Rand Paul Tells Students: Beware Indefinite Detention
Article audio sponsored by The John Birch Society

During a speech to students at Bowie State University in Maryland on March 13, Senator Rand Paul (R-Ky.) warned of a particular danger, one that gets very little coverage in the establishment media.

“We have something now in America called indefinite detention,” Paul told the mostly minority audience. “This means that an American citizen could be indefinitely placed in prison and sent to Guantanamo Bay forever without trial.”

As for who should fear that fact that the president has assumed the power to deny citizens of their right to due process, Paul shared a bit of history with students.

Who should be afraid of this?
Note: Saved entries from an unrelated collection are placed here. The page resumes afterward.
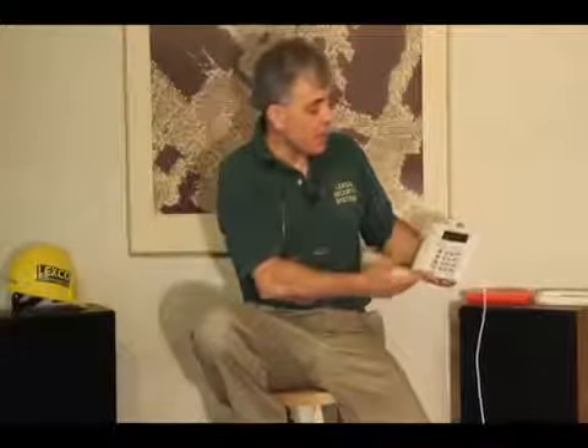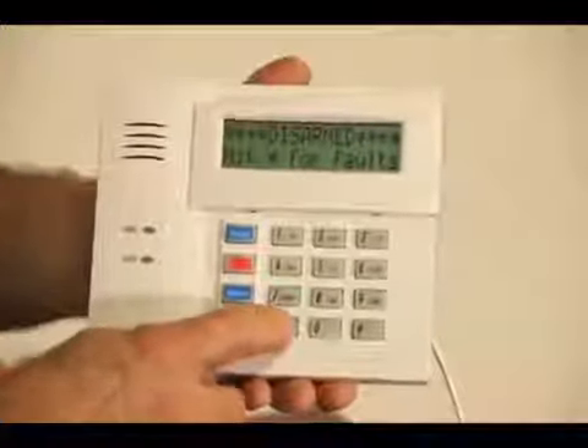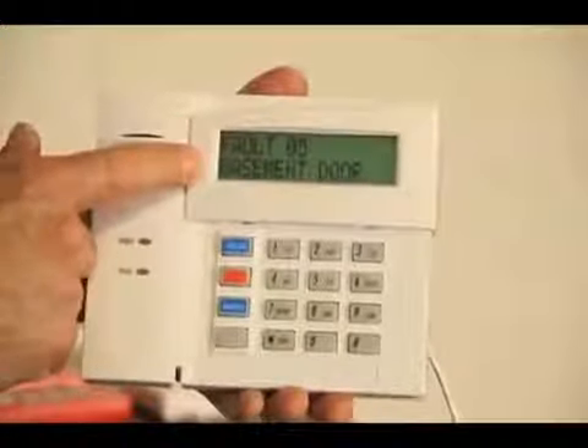So you've gone up to your keypad and it's disarmed, and you see the message 'hit star for faults', or you see a fault being displayed on the keypad. I'm going to hit star, and now it says fault 05, basement door.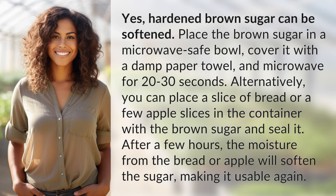Yes, hardened brown sugar can be softened. Place the brown sugar in a microwave-safe bowl, cover it with a damp paper towel, and microwave for 20 to 30 seconds.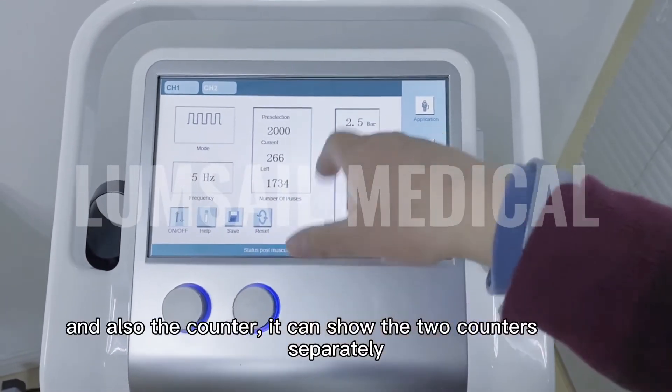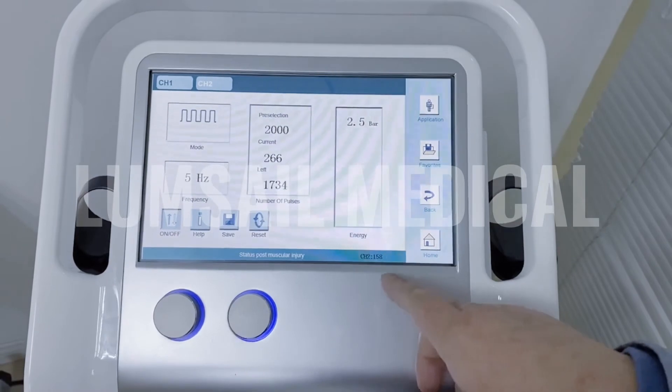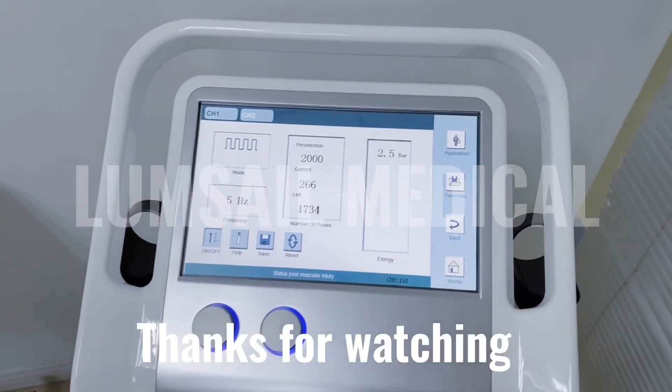Also, the counter can show the two counters separately. For example, if you go to the channel 1 menu, it will show channel 2 at the bottom and the channel 1 menu at the top, so that you can see the two handpieces' counts at the same time.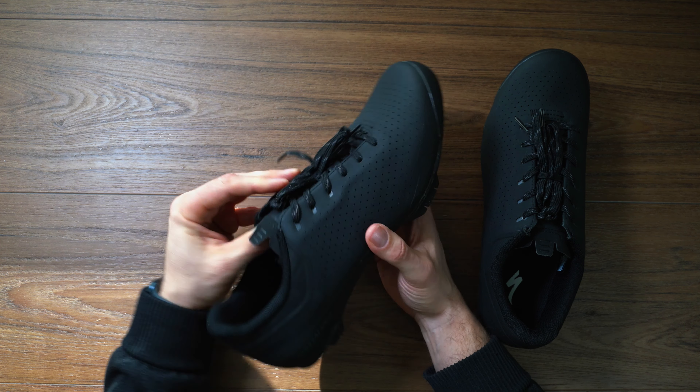So anyway, that is a quick look at the Specialized Recon ADV shoes. If you have any questions about these, please leave a comment down below. Later in the season I will definitely give a full review and let you know how it's going. As I mentioned, I will be doing some adventure riding as well as some racing in them. Once we've put some good miles on these, we will give you a review of how they perform on the bike. As always, like, comment, subscribe, and hit that bell button so you get notifications — until next time, see ya.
Anybody think that you might want to be afraid if you’re Jewish? Have people ever seen any kind of animus towards the Jewish people? Anybody ever think there was any animus towards African-Americans in our country? Anybody ever think there’s been an animus towards any kind of minority in our country ought to be concerned about incarceration without a trial?
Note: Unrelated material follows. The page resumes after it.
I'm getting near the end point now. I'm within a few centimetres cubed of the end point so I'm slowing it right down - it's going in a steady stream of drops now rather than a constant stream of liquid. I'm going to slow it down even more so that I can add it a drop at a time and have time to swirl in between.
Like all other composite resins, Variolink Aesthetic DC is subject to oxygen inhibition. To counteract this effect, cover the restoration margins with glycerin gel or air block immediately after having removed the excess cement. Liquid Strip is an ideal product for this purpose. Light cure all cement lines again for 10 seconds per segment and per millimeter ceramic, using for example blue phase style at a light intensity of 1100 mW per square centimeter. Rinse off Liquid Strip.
The indefinite detention referred by Senator Paul was part of the 2011 National Defense Authorization Act (NDAA).

On December 31, 2011, with the president’s signing of that law, the writ of habeas corpus — a civil right so fundamental to Anglo-American common law history that it predates the Magna Carta — is voidable upon the command of the president of the United States. The Sixth Amendment right to counsel is also revocable at his will.

One of the most noxious elements of the NDAA is that it places the U.S. military at the disposal of the president for the apprehension, arrest, and detention of those suspected of posing a danger to the homeland (whether inside or outside the borders of the United States and whether the suspect be a citizen or foreigner). The endowment of such a power to the president by the Congress is nothing less than a de facto legislative repeal of the Posse Comitatus Act of 1878, the law forbidding the use of the military in domestic law enforcement.

Furthermore, a key component of the NDAA 2012 mandates a frightening grant of immense and unconstitutional power to the executive branch. Under the provisions of Section 1021, the president is afforded the absolute power to arrest and detain citizens of the United States without their being informed of any criminal charges, without a trial on the merits of those charges, and without a scintilla of the due process safeguards protected by the U.S. Constitution.

Further, in order to execute the provisions of Section 1021, Section 1022 (among others) unlawfully gives the president the absolute and unquestionable authority to deploy the armed forces of the United States to apprehend and to indefinitely detain those suspected of threatening the security of the “homeland.” In the language of this legislation, these people are called “covered persons.”

The universe of potential “covered persons” includes every citizen of the United States of America. Any American could one day find himself or herself branded a “belligerent” and thus subject to the complete confiscation of his or her constitutional civil liberties and nearly never-ending incarceration in a military prison.

The relevant issue regarding this immense unconstitutional, unconscionable power is not whether it will be used, but that it exists.

“I don’t think this president is going to round up people based on their race, I don’t think he will do that…. I’m not questioning whether the president is a good man; I’m questioning whether you want a law on the books that requires our leaders to be good people.”

Or, as Thomas Jefferson once said, “In questions of power then, let no more be heard of confidence in man, but bind him down from mischief by the chains of the constitution.”